* Task:
The expected answer is a verbatim transcription of the lines below, beginning with the first and ending with the line that holds "Mercedes-Benz CLA 220", without pictures.

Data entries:
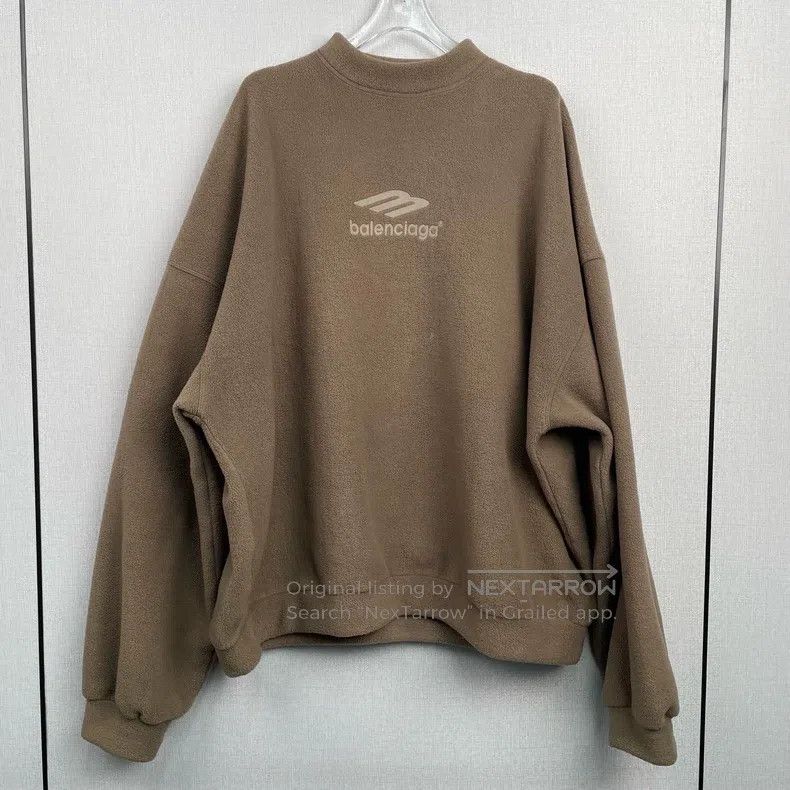 Balenciaga Balenciaga Fleece Hoodie Size US XXS / EU 40 - 1 Thumbnail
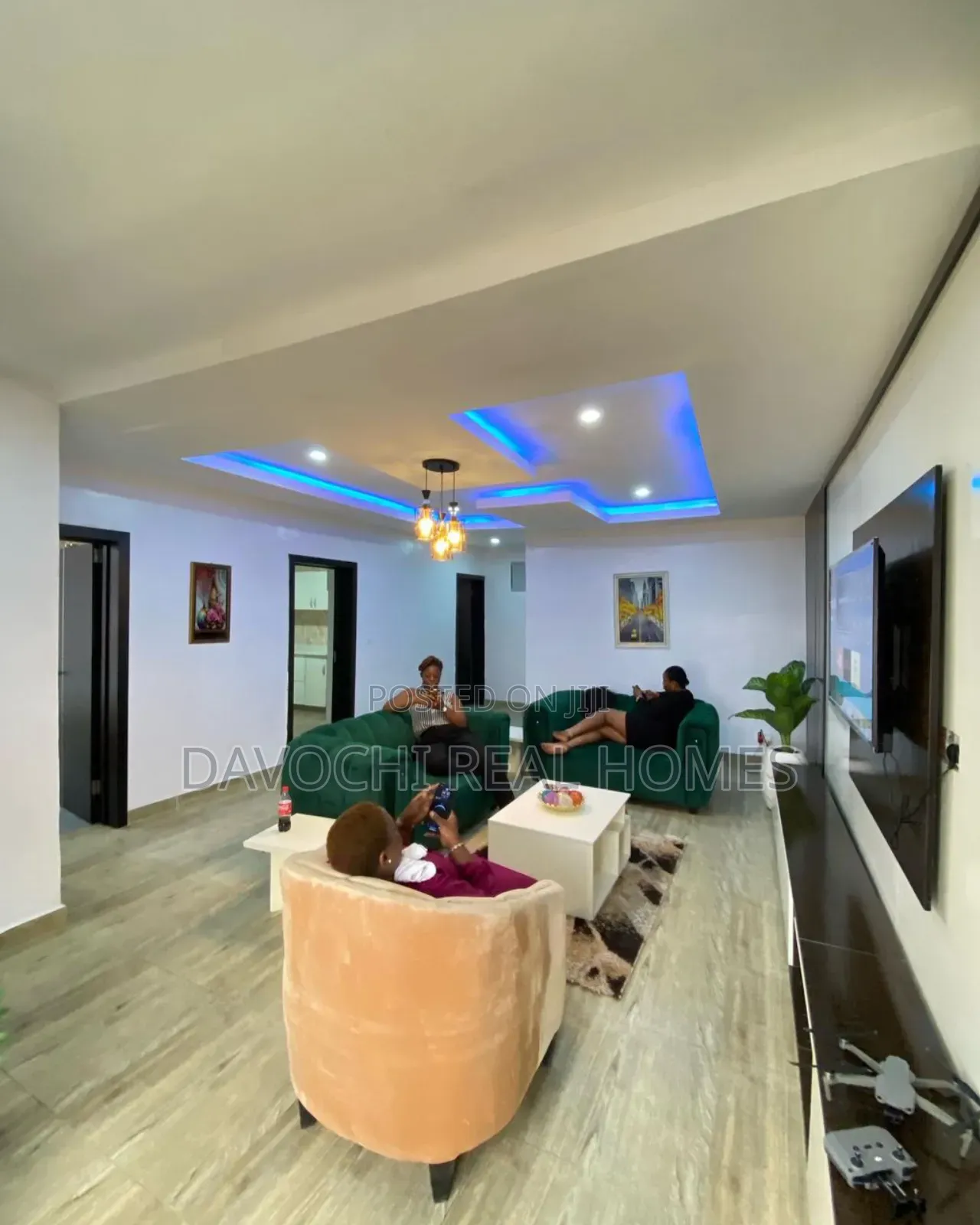 Furnished 3bdrm Duplex in Ikota Vill Estate, Lekki for rent in Lekki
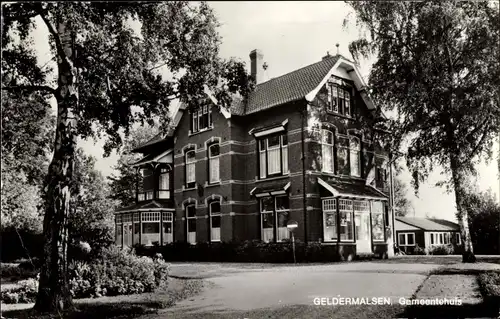 Ak Geldermalsen Gelderland, Rathaus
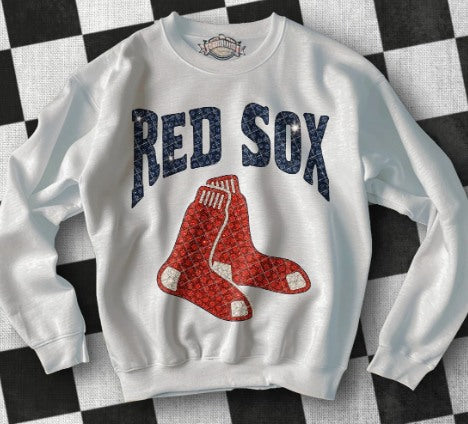 3698 Boston Baseball DTF/Sublimation Transfer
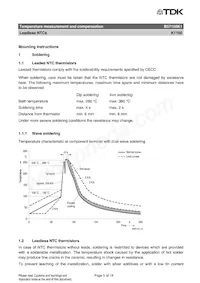 B57150K1242J000 데이터 시트 페이지 5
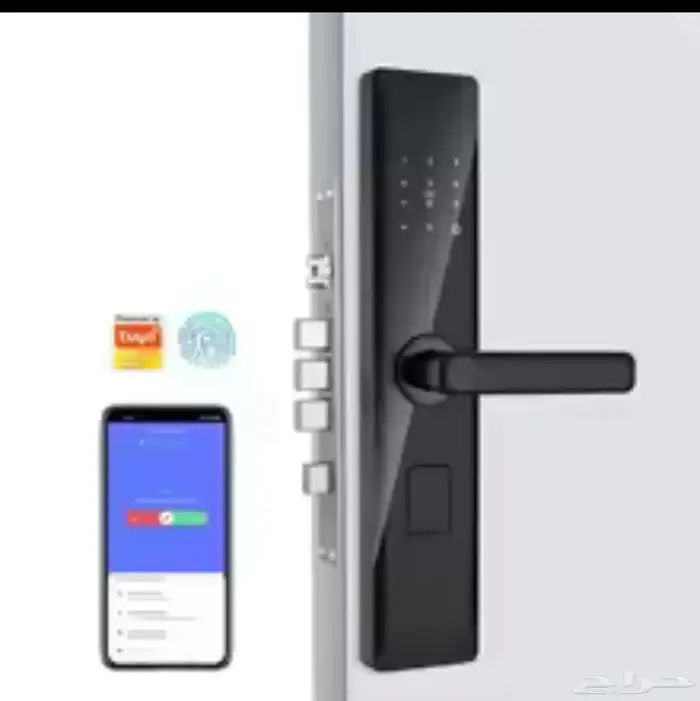 اقفال ذكية داخلية وخارجية للابواب الخشب والحديد SMART LOCK 2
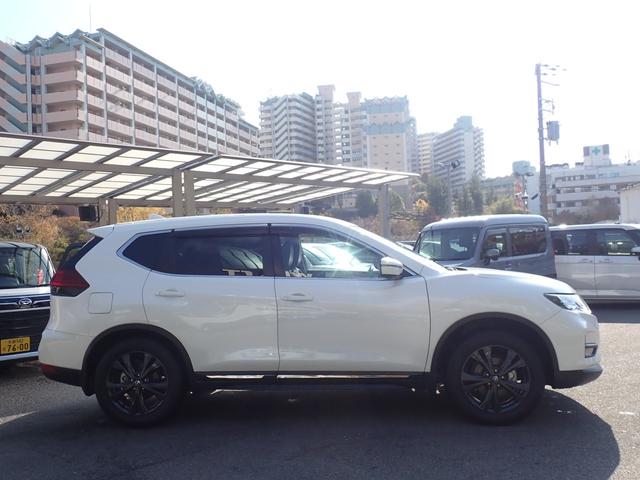 エクストレイル 20Xi 純正9インチナビ アラウンドビューモニター デジタルインナミラー プロパイロット ビルドインETC 前後ドライブレコーダー パワーバックドア 防水シート bluetooth(16枚目)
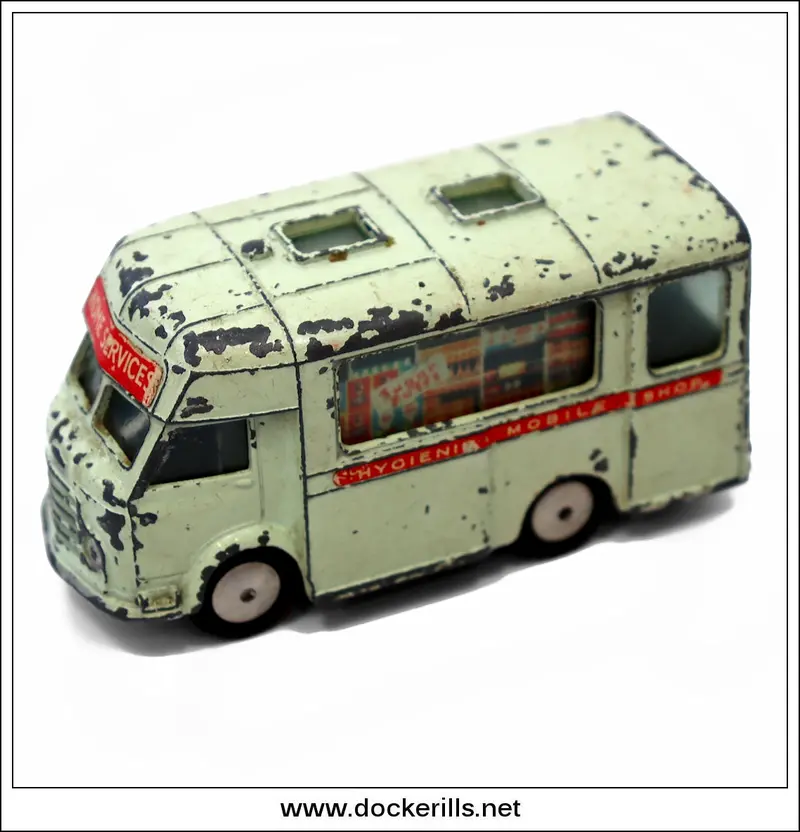 Corgi Smith'S Karrier Shop Van – Nostalgic Commercial Model, For Restoration 1
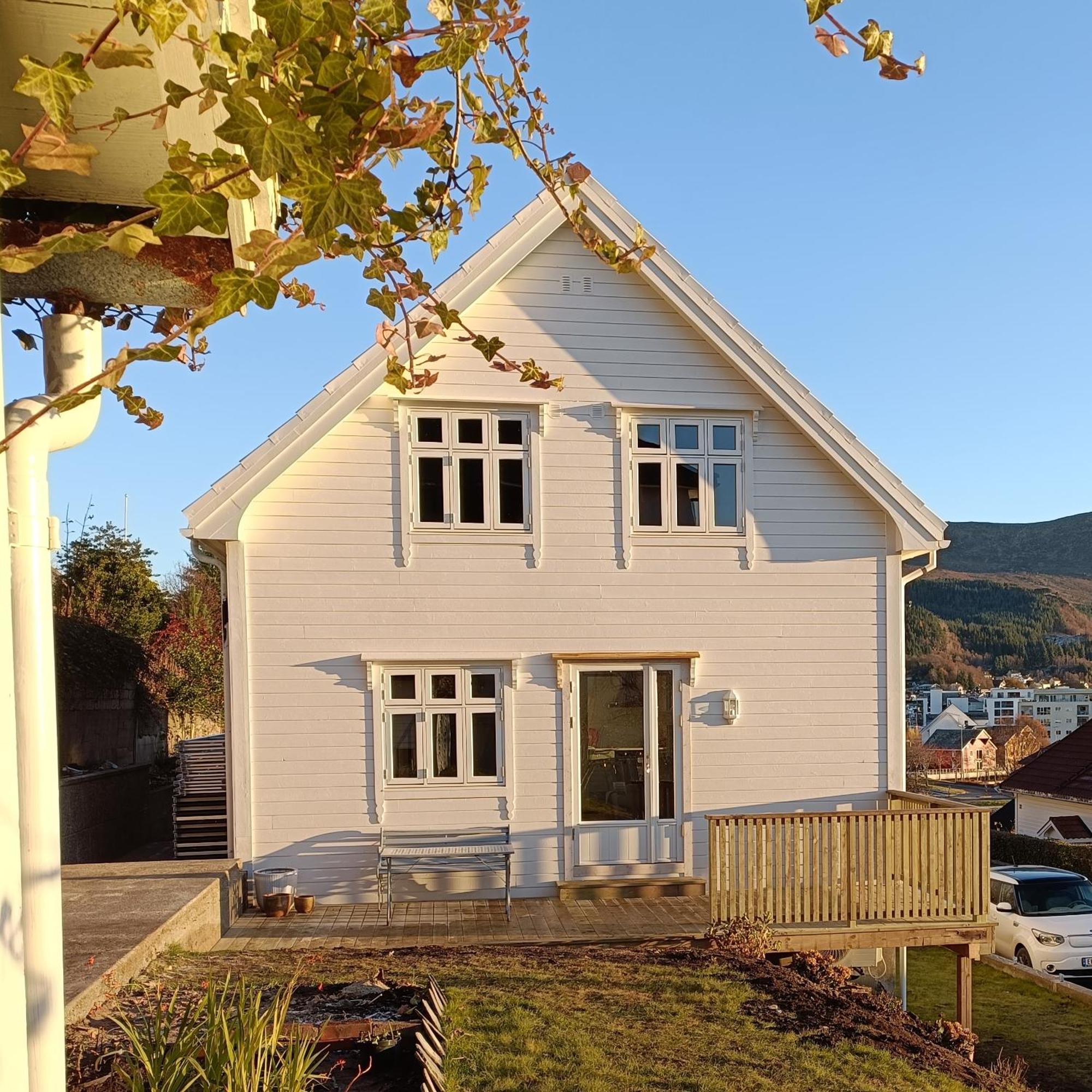 Charming House In Ulsteinvik With Free Parking别墅 外观 照片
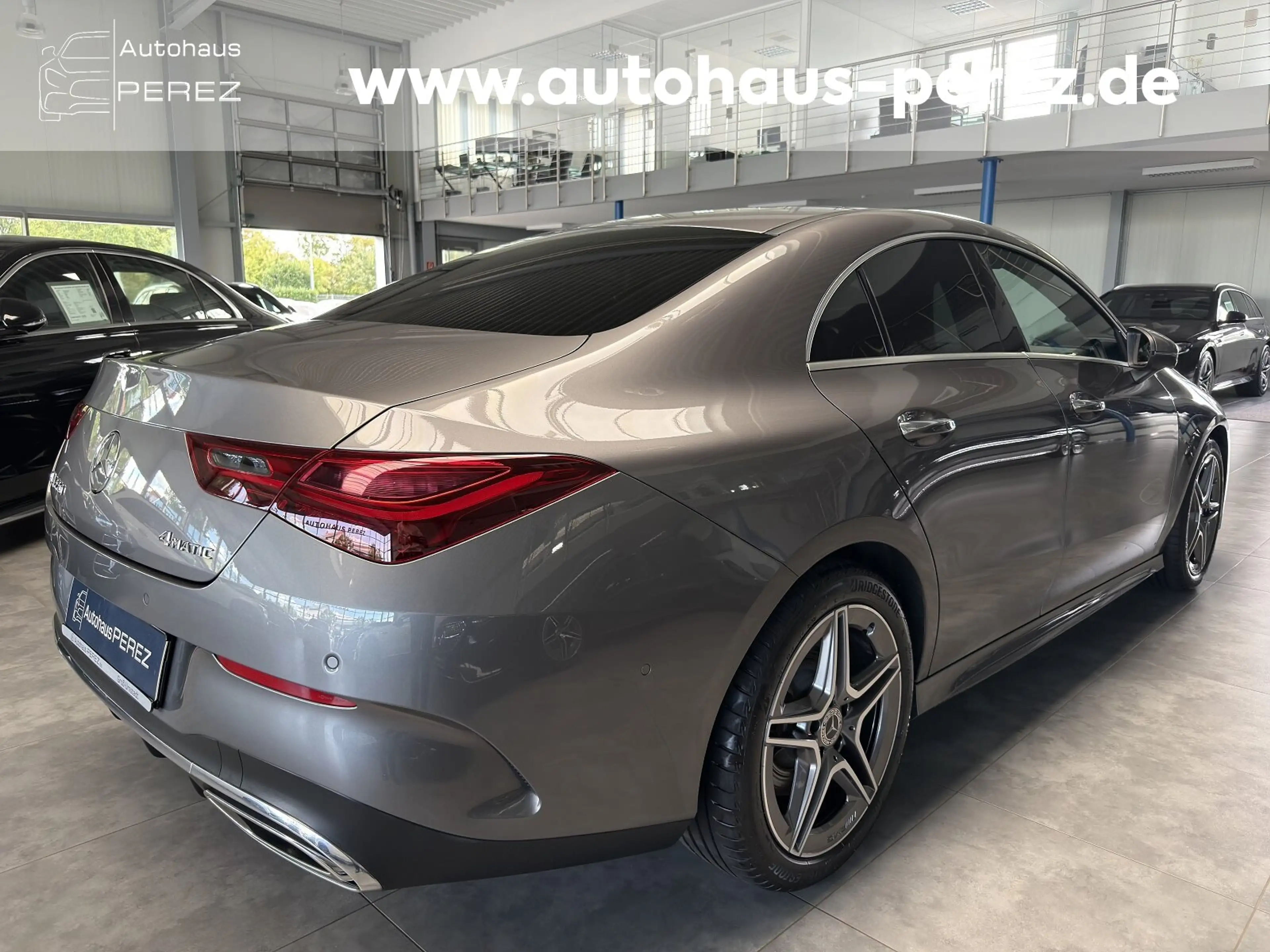 Mercedes-Benz CLA 220 CLA 220 4M AMG PREMIUM+ HUD- PANORAMA- MULTIBEAM — photo 4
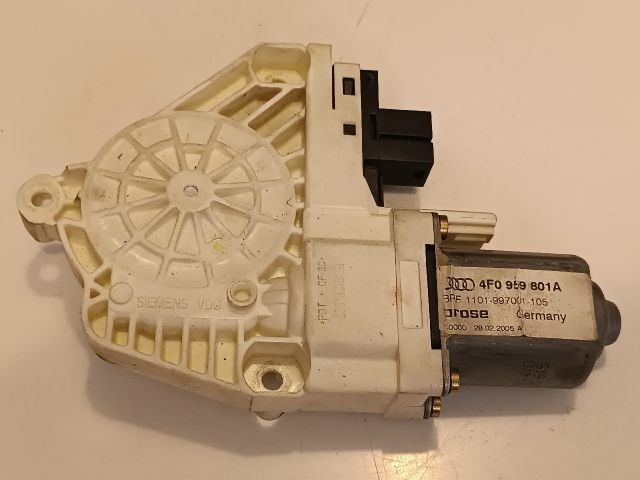 AUDI A6 C6 Bal hátsó Ablakemelő Motor 1. kép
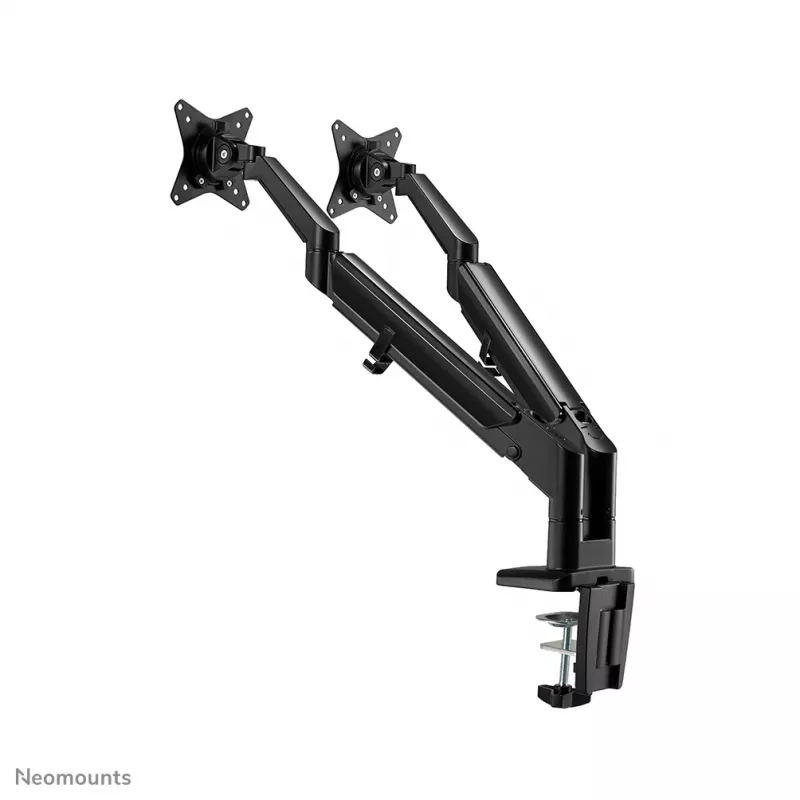 Neomounts DS70-810BL2 Monitorarm 17-32 Zoll – Gasfeder – platzsparend – 180°-Stopp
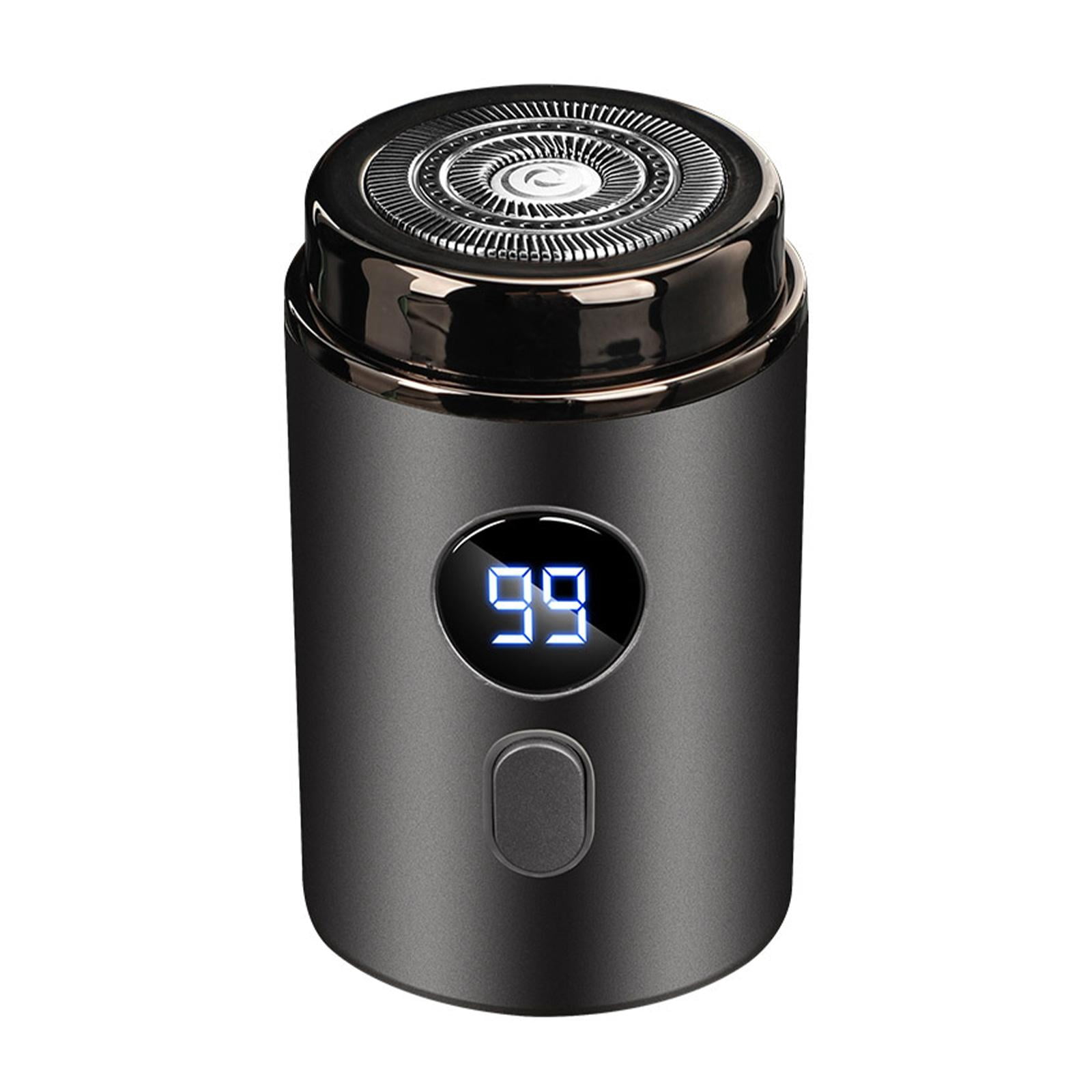 TISHITA Electric Shaver Father's Day Gifts Portable Shaver for Business Trimming Car gray
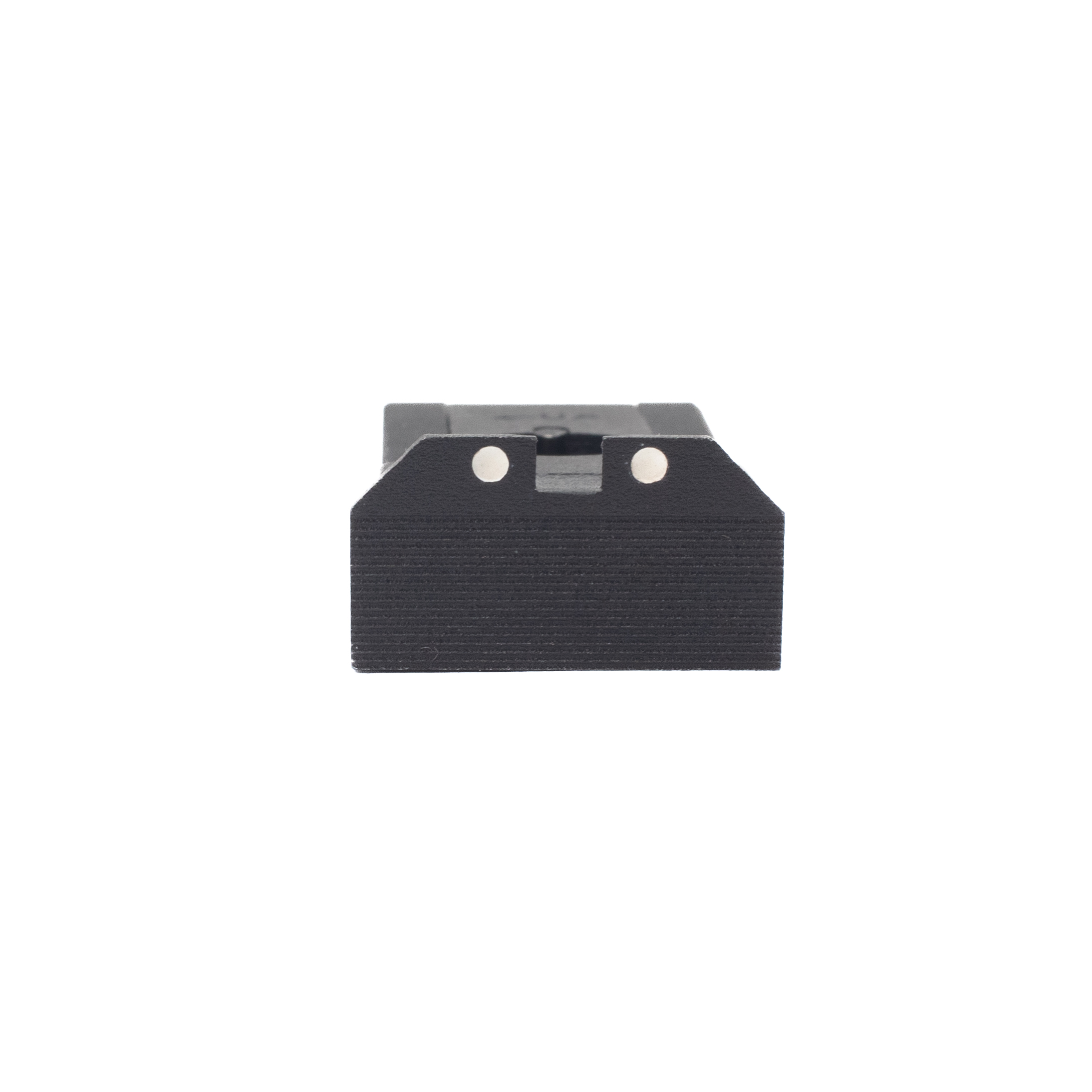 1911 Bomar White Dot Blade Rear Sight – Fusion Firearms — image 2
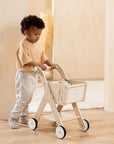 Wooden Shopping Cart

* Solution to the problem:
 Balenciaga Balenciaga Fleece Hoodie Size US XXS / EU 40 - 1 Thumbnail
 Furnished 3bdrm Duplex in Ikota Vill Estate, Lekki for rent in Lekki
 Ak Geldermalsen Gelderland, Rathaus
 3698 Boston Baseball DTF/Sublimation Transfer
 B57150K1242J000 데이터 시트 페이지 5
 اقفال ذكية داخلية وخارجية للابواب الخشب والحديد SMART LOCK 2
 エクストレイル 20Xi 純正9インチナビ アラウンドビューモニター デジタルインナミラー プロパイロット ビルドインETC 前後ドライブレコーダー パワーバックドア 防水シート bluetooth(16枚目)
 Corgi Smith'S Karrier Shop Van – Nostalgic Commercial Model, For Restoration 1
 Charming House In Ulsteinvik With Free Parking别墅 外观 照片
 Mercedes-Benz CLA 220 CLA 220 4M AMG PREMIUM+ HUD- PANORAMA- MULTIBEAM — photo 4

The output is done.